By Michael Abramowitz
Washington Post Staff Writer
Monday, August 11, 2008
BEIJING -- Former president George H.W. Bush doesn't give a lot of interviews these days, and for one simple reason: He doesn't want to have to start talking about his son, the president. "Then somebody wants to psychoanalyze you, stretch you out on the couch . . . go into the differences that might exist," he says dismissively, gesturing to the sofa in his hotel suite here, high above this bustling city.
But near the end of a 25-minute interview Saturday, largely devoted to his long association with China, the former president relents a little. The conversation is turning to the subject of personal diplomacy -- a hallmark of his career in public service and a major theme of recently published diaries from Bush's days in the 1970s as the senior U.S. diplomat in Beijing.
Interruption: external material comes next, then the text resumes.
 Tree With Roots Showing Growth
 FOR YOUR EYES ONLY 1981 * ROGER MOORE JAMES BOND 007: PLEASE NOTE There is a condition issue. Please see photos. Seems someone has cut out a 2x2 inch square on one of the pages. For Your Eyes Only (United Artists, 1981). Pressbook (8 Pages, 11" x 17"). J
It's also something the father sees a bit of in his son.
"All I know is I am very proud of the relationships he has established with different leaders," the senior Bush says of "the president," as he refers to the junior Bush. It's not only the Chinese leadership, he says. "It's also [Russian Prime Minister Vladimir] Putin. He gets criticized for that, but I think it's smart and wise and right that he has pleasant relationships with people and that they trust him. I think he's developing that with [French President Nicolas] Sarkozy. I know it's there with Putin."
Perhaps mindful that Putin has been directing a new military campaign in Georgia, Bush goes on: "It doesn't mean you approve of what Putin is doing or his denial of human rights in Russia. That's the thing that gets me about some of these critics. They think if you establish a personal relationship, that you're then signing off on everything that person does. And that's not right."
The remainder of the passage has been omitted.